======== EXERCISE INPUT

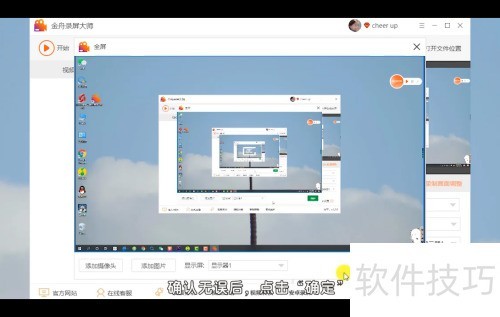 ����¼����ʦ����ȫ��¼�Ʋ����̳�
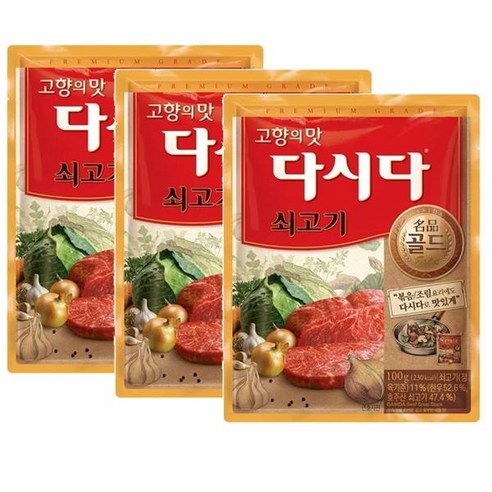 CJ 제일제당 다시다 골드 쇠고기, 100g, 3개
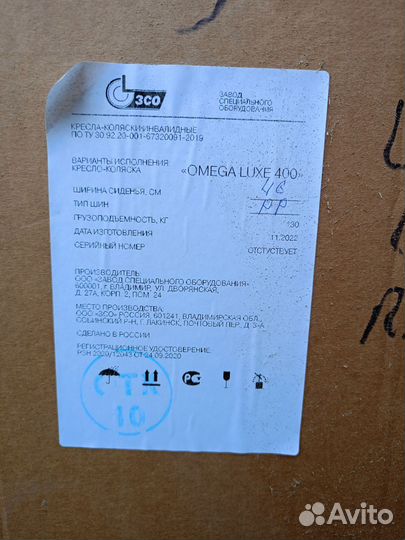 Инвалидная коляска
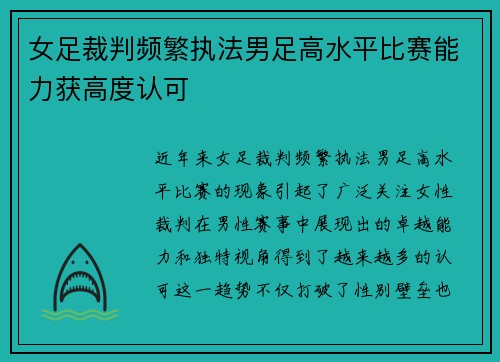 女足裁判频繁执法男足高水平比赛能力获高度认可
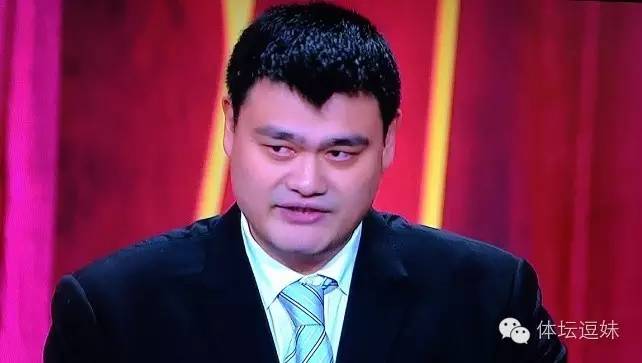 鲁能球员被罚后续,鲁能球员被判决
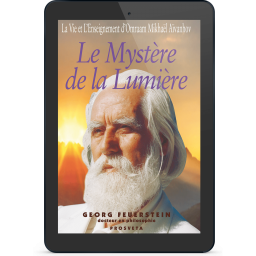Le Mystère de la Lumière (eBook)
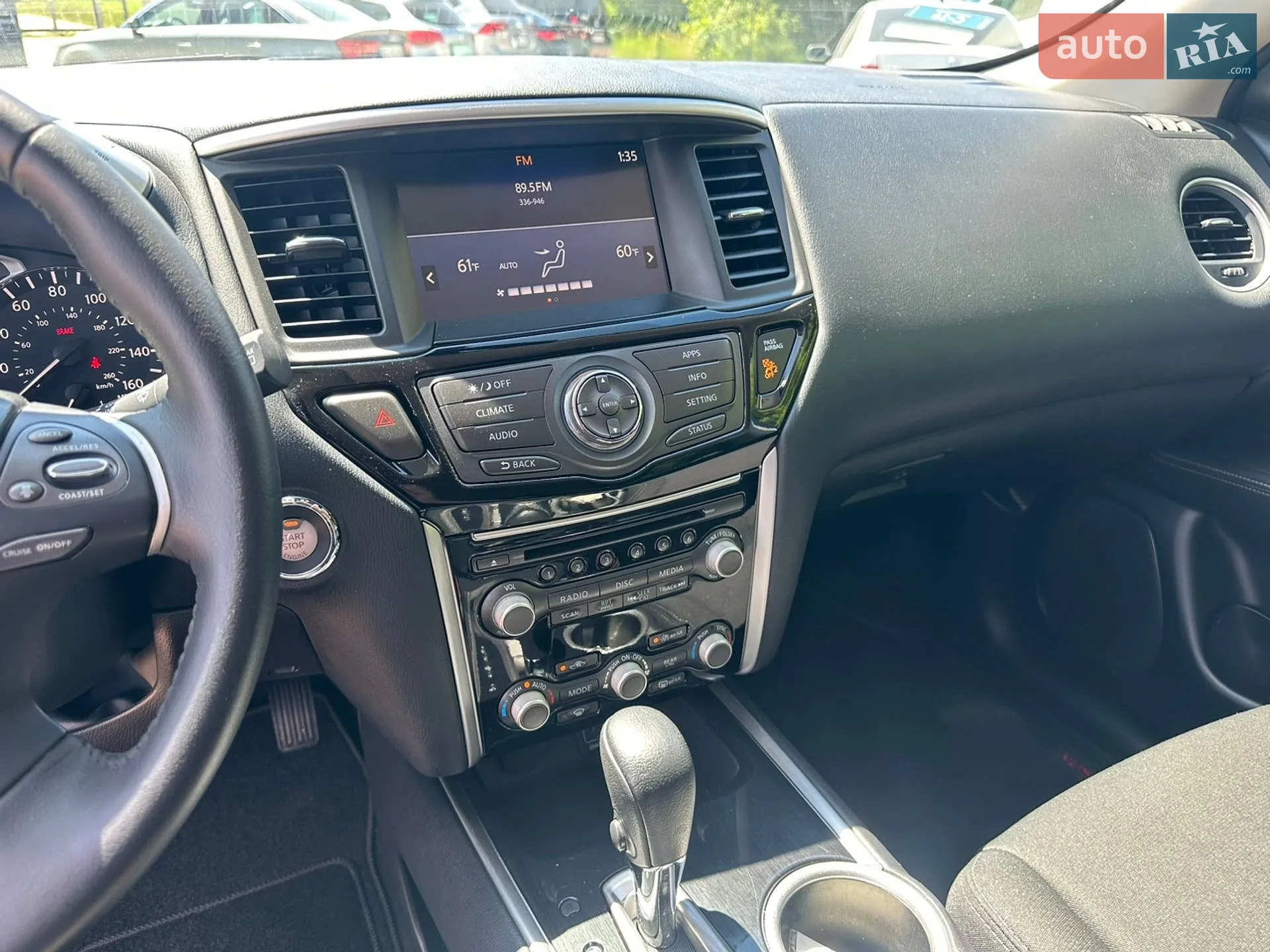 2020 Nissan Pathfinder - мініатюра 19
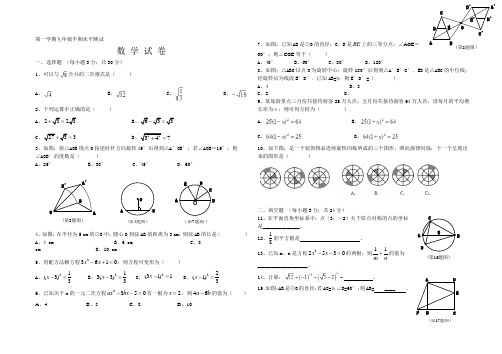 第一学期九年级数学半期考试卷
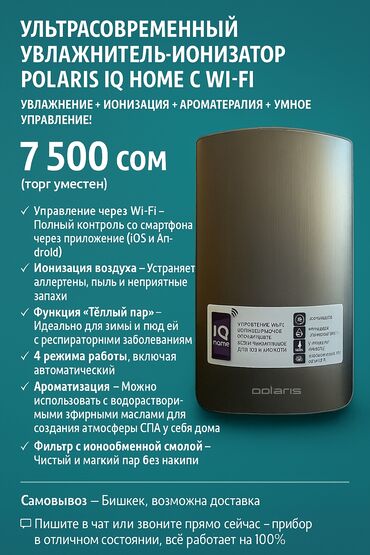 рассрочку бытовая техника: Аба нымдагыч Буу, Үстөл үчүн, Wi-Fi, Bluetooth, Таймер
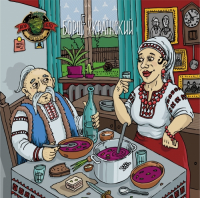 Пиво Борщ Пиво Борщ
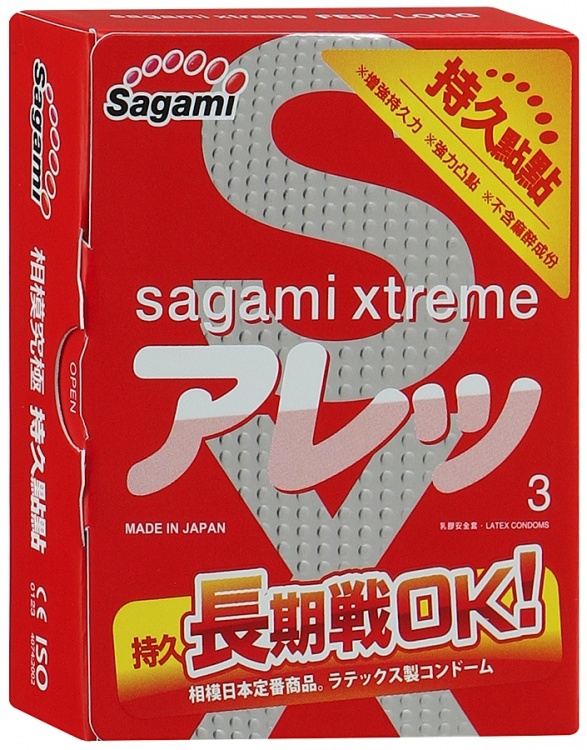 Презервативы Sagami №3 Xtreme Feel Long
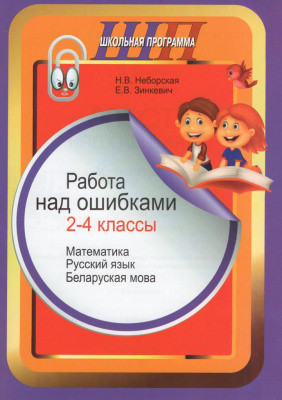 Работа над ошибками 2-4 классы: математика, русский язык, беларуская мова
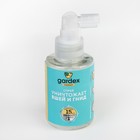 Спрей от вшей и гнид Gardex, средство педикулицидное, 80 мл - Фото 3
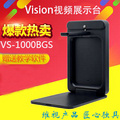 維視壁掛式高清視頻展示臺 VS-1000BGS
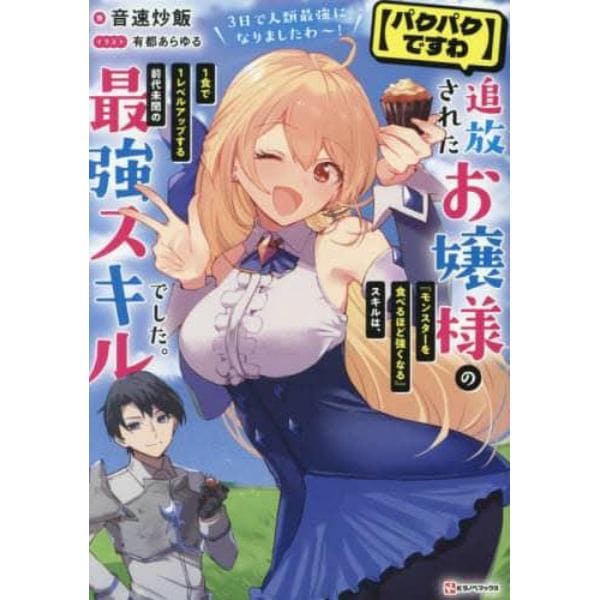 〈パクパクですわ〉追放されたお嬢様の『モンスターを食べるほど強くなる』スキルは、１食で１レベルアップする前代未聞の最強スキルでした。３日で人類最強になりましたわ～！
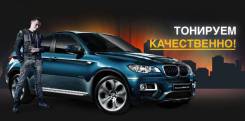 Тонировка авто недорого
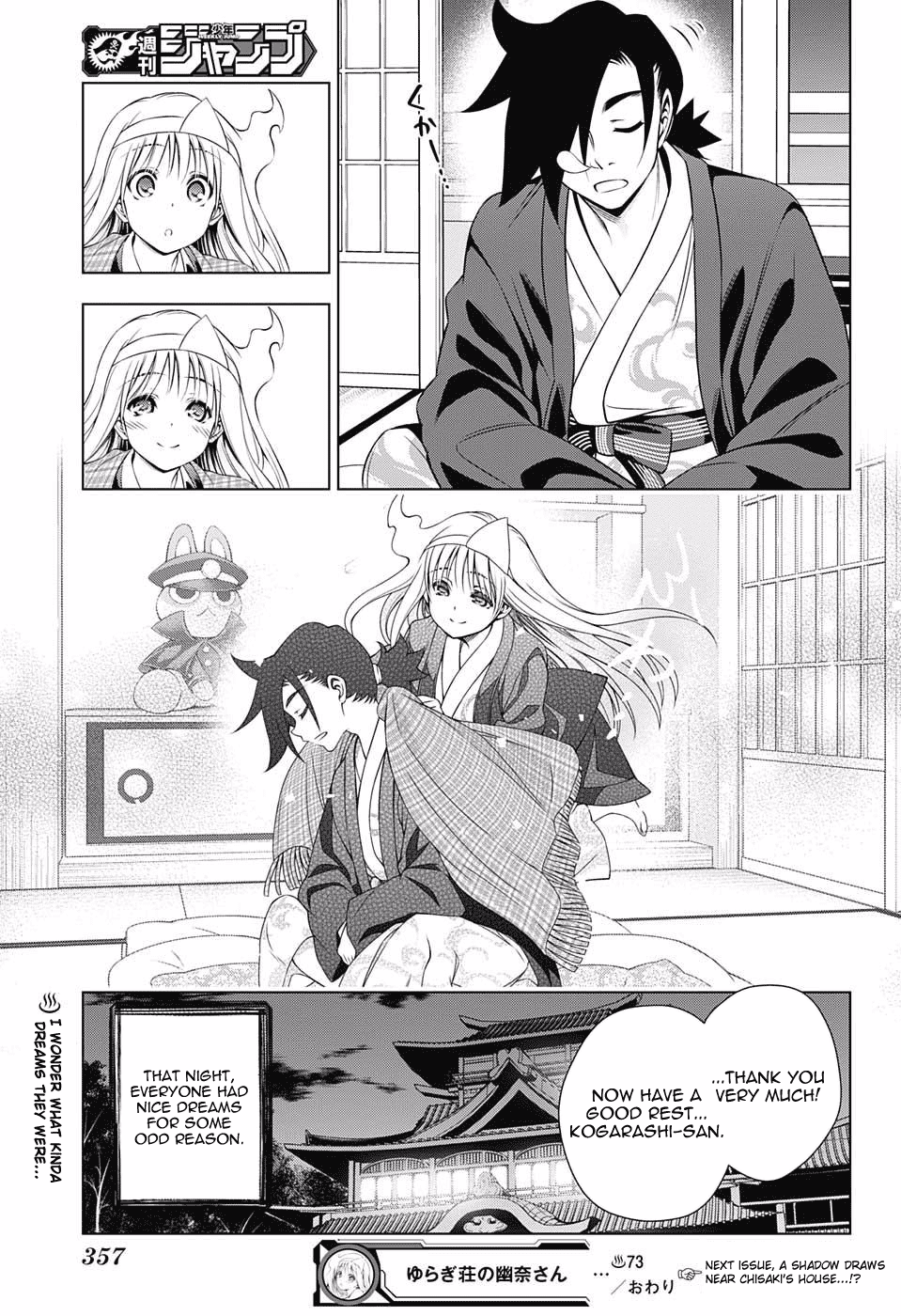 Yuragi-sou no Yuuna-san Chapter 73 - Page 19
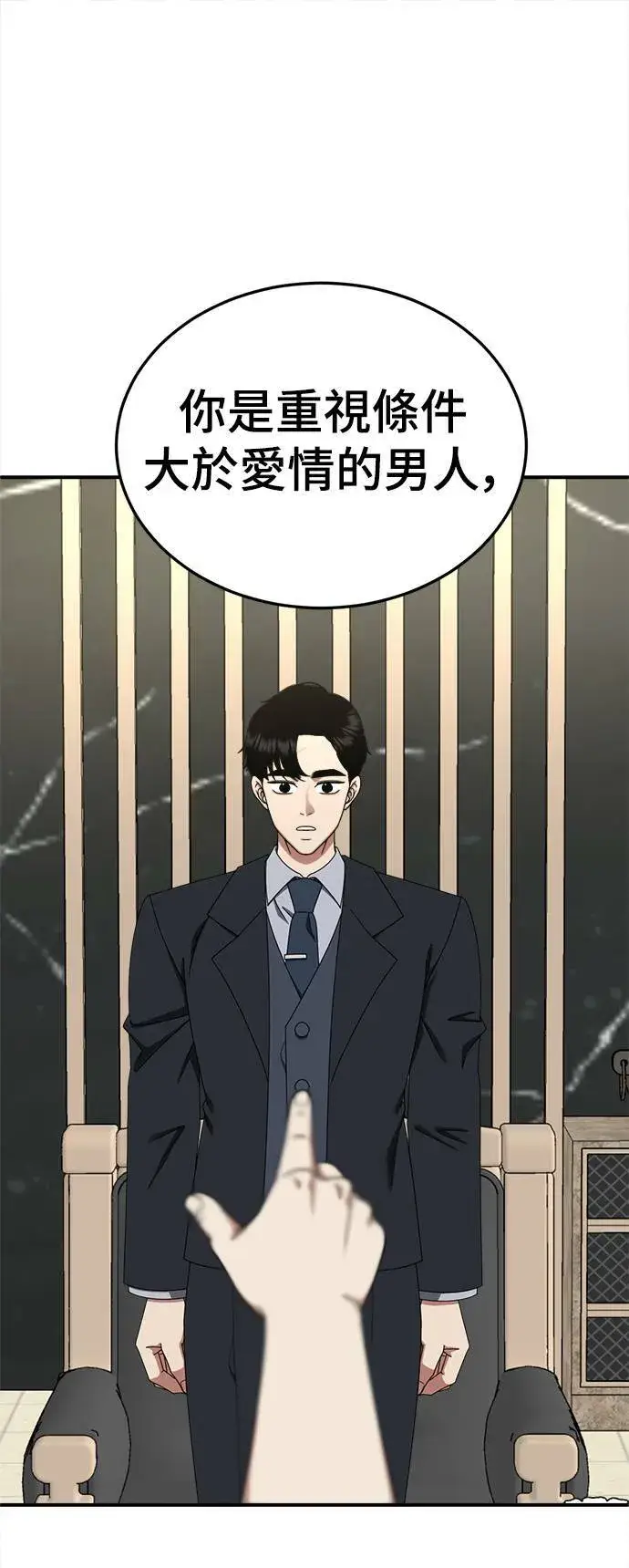 《盗脸人生》乔泰熙 16图56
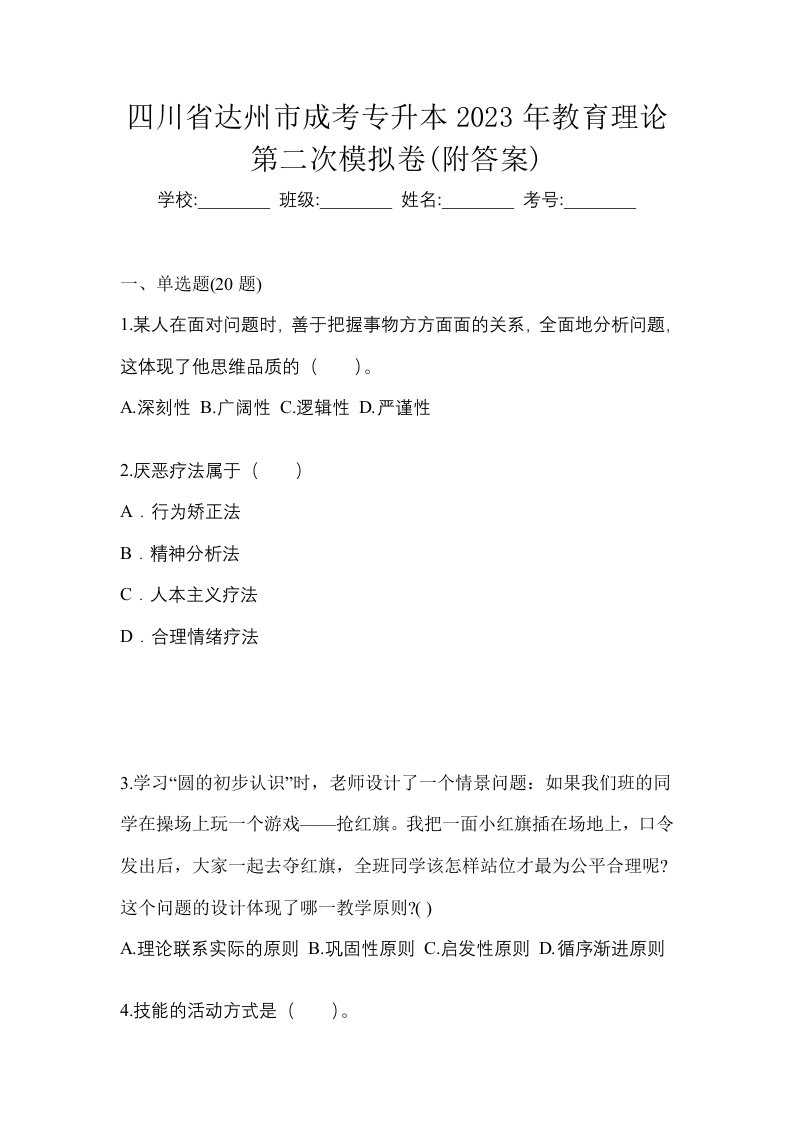 四川省达州市成考专升本2023年教育理论第二次模拟卷附答案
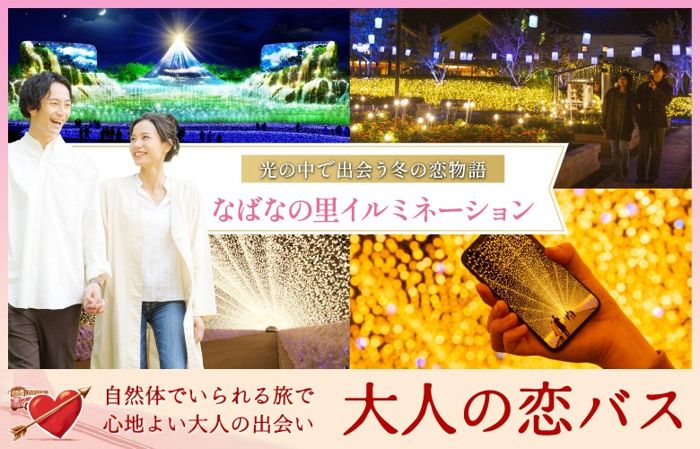 パーティーID:4358730の画像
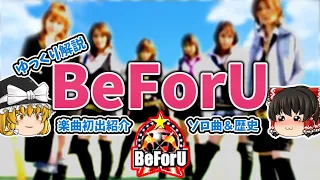 【ゆっくり解説】BeForU【初出機種】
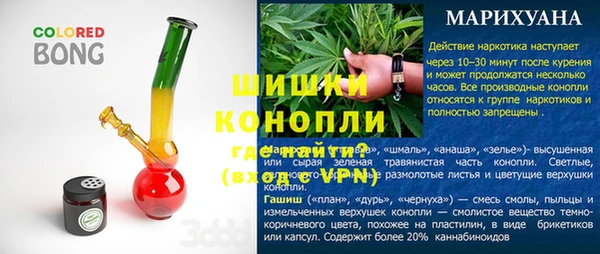 бутик Богородск
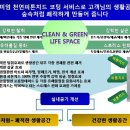 (주)케어포스 이미지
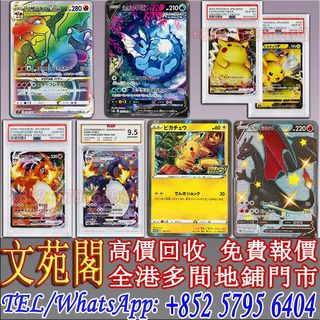 （分類：）位於 。 由 whatsapp-57956404 提交（商品編號 1348844084，圖片 1）。簡介： 。
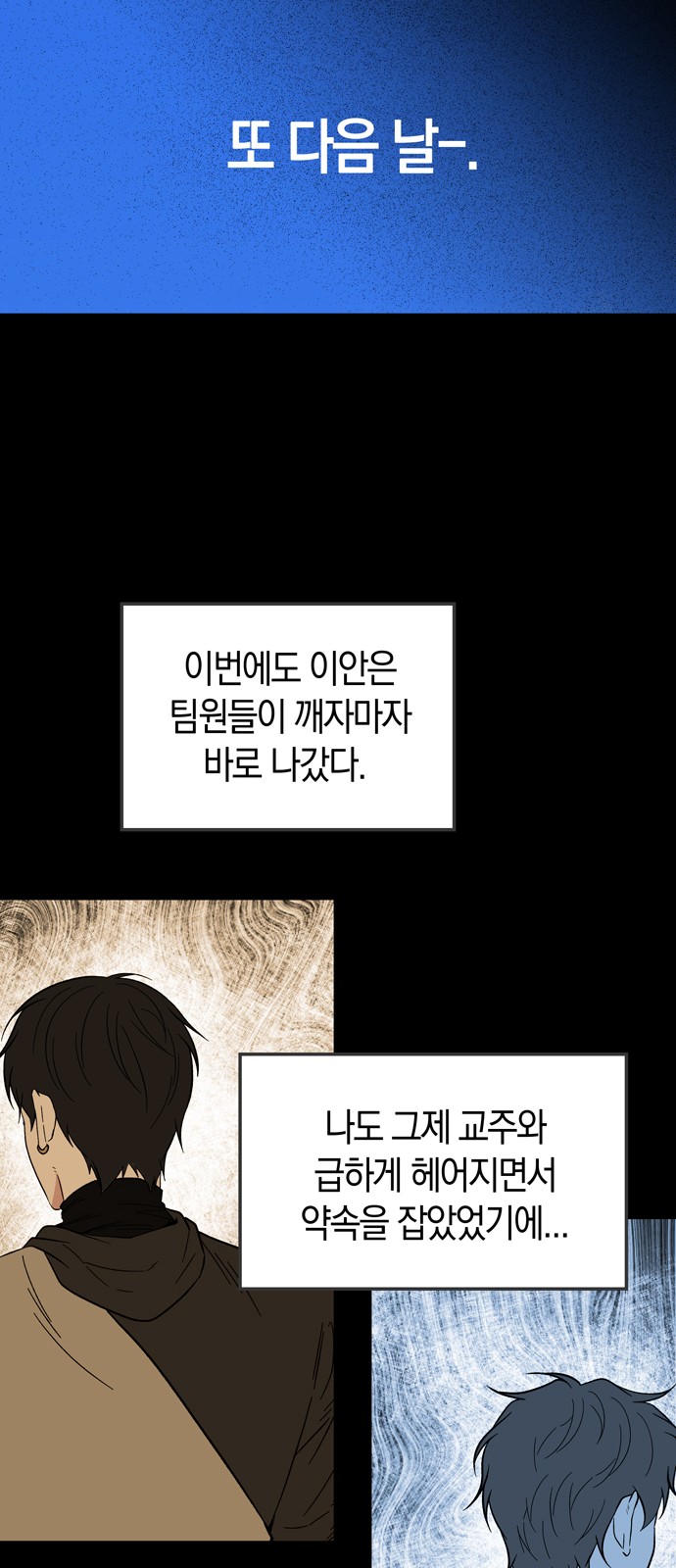 42 페이지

================

- DIRECTIONS -
Please output all of the entries above exactly, but without any picture.

- ANSWER TO THE EXERCISE -
 ����¼����ʦ����ȫ��¼�Ʋ����̳�
 CJ 제일제당 다시다 골드 쇠고기, 100g, 3개
 Инвалидная коляска
 女足裁判频繁执法男足高水平比赛能力获高度认可
 鲁能球员被罚后续,鲁能球员被判决
Le Mystère de la Lumière (eBook)
 2020 Nissan Pathfinder - мініатюра 19
 第一学期九年级数学半期考试卷
 рассрочку бытовая техника: Аба нымдагыч Буу, Үстөл үчүн, Wi-Fi, Bluetooth, Таймер
 Пиво Борщ Пиво Борщ
 Презервативы Sagami №3 Xtreme Feel Long
 Работа над ошибками 2-4 классы: математика, русский язык, беларуская мова
 Спрей от вшей и гнид Gardex, средство педикулицидное, 80 мл - Фото 3
 維視壁掛式高清視頻展示臺 VS-1000BGS
 〈パクパクですわ〉追放されたお嬢様の『モンスターを食べるほど強くなる』スキルは、１食で１レベルアップする前代未聞の最強スキルでした。３日で人類最強になりましたわ～！
 Тонировка авто недорого
 Yuragi-sou no Yuuna-san Chapter 73 - Page 19
 《盗脸人生》乔泰熙 16图56
 四川省达州市成考专升本2023年教育理论第二次模拟卷附答案
 パーティーID:4358730の画像
 【ゆっくり解説】BeForU【初出機種】
 бутик Богородск
 (주)케어포스 이미지
 （分類：）位於 。 由 whatsapp-57956404 提交（商品編號 1348844084，圖片 1）。簡介： 。
 42 페이지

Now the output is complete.